Start of Block

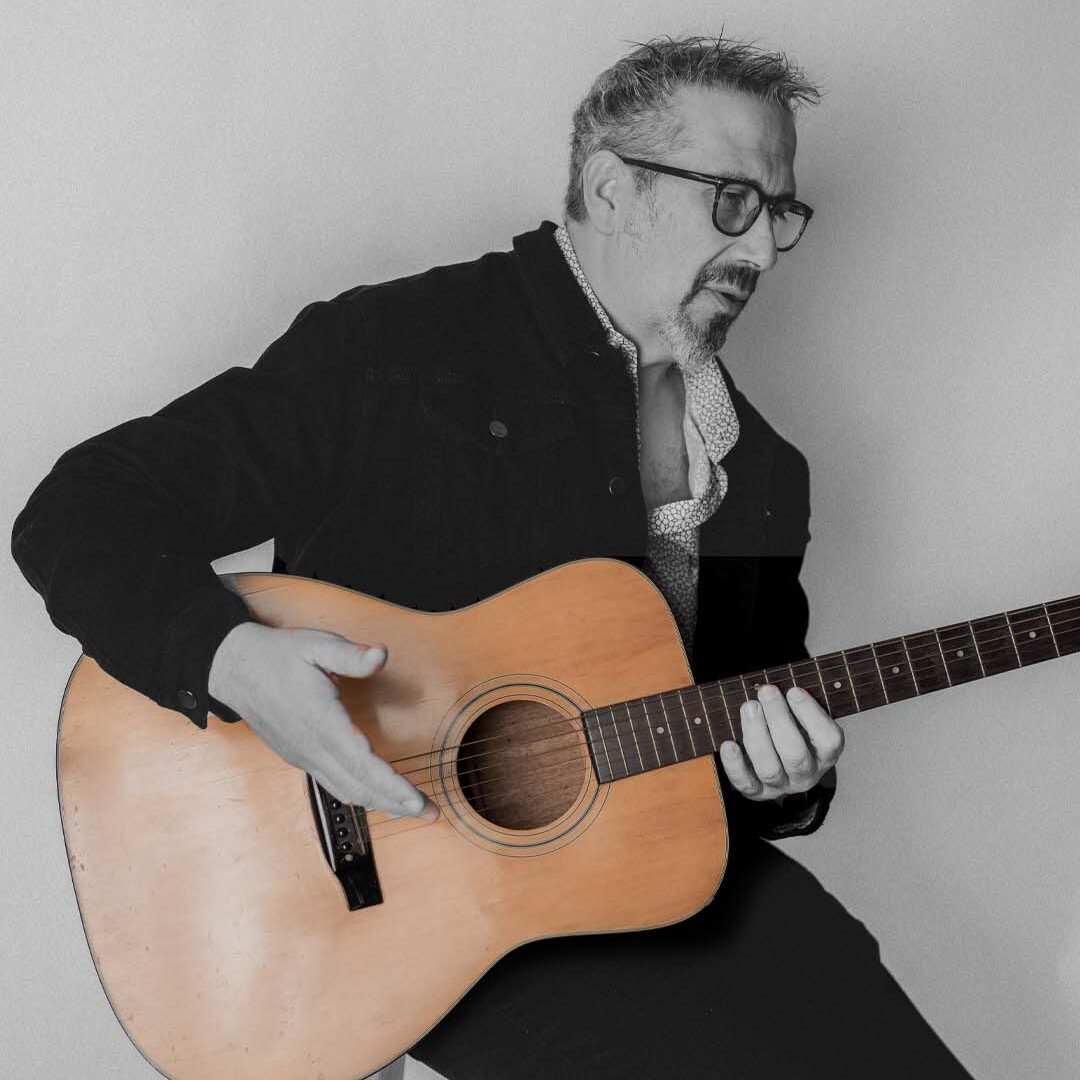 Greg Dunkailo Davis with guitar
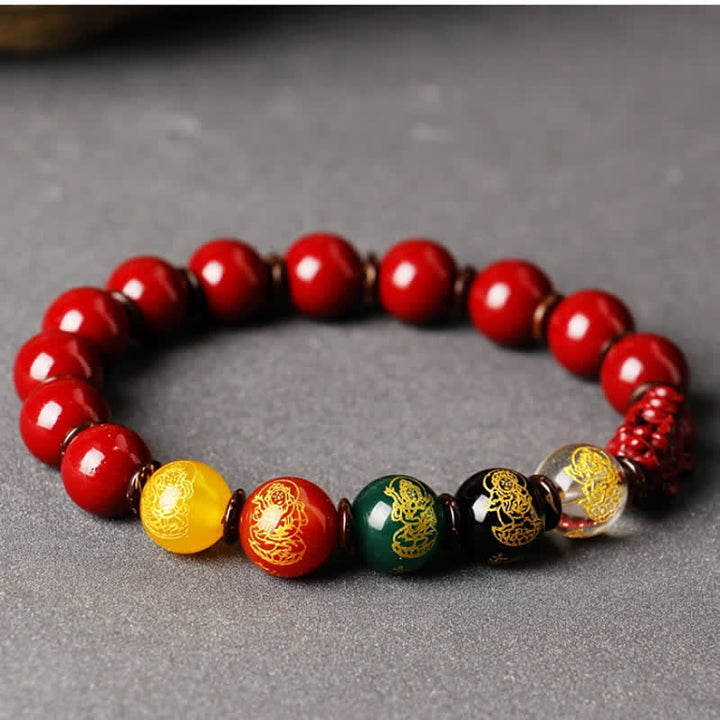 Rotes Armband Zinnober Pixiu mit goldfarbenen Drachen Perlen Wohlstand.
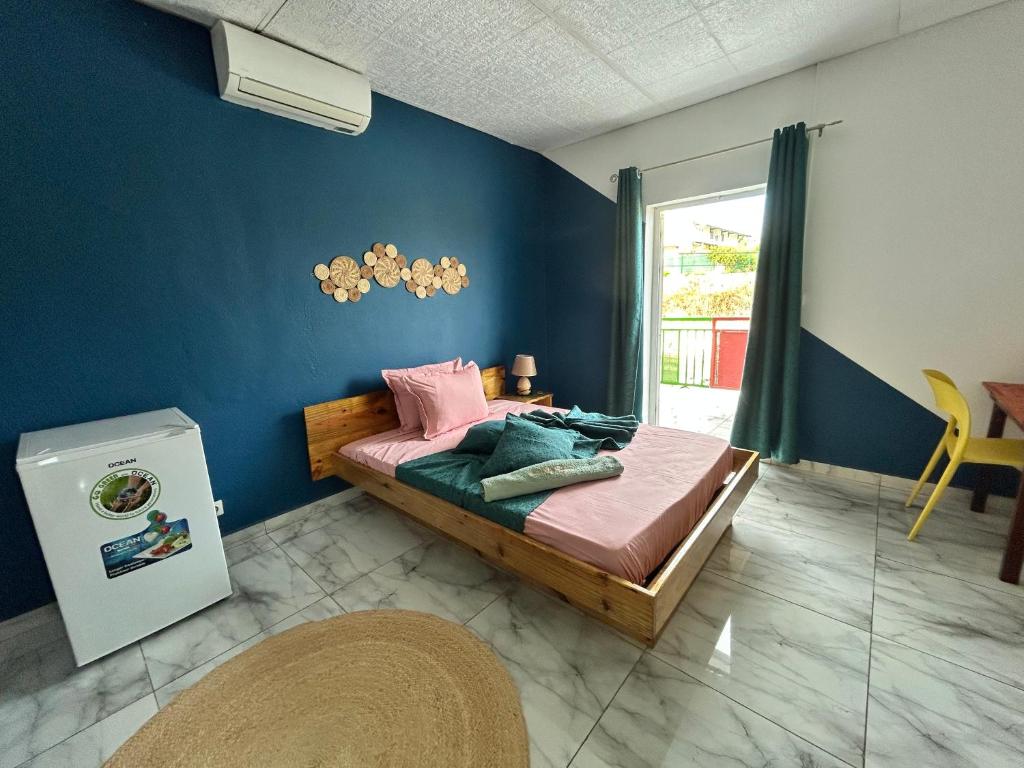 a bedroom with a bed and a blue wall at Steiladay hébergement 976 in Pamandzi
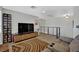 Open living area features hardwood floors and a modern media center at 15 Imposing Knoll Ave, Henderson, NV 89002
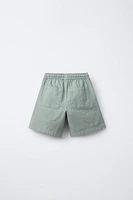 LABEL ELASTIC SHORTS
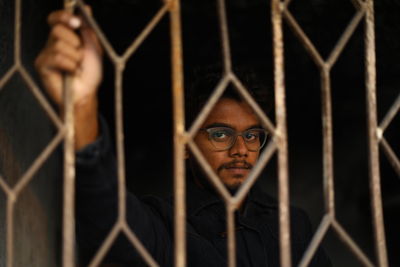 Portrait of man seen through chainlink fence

End of Block

• Goal of the exercise:
From the first line of the entries above through the line with "a bedroom with", set down each line exactly and drop the pictures.

• Task answer:
 Greg Dunkailo Davis with guitar
 Rotes Armband Zinnober Pixiu mit goldfarbenen Drachen Perlen Wohlstand.
 a bedroom with a bed and a blue wall at Steiladay hébergement 976 in Pamandzi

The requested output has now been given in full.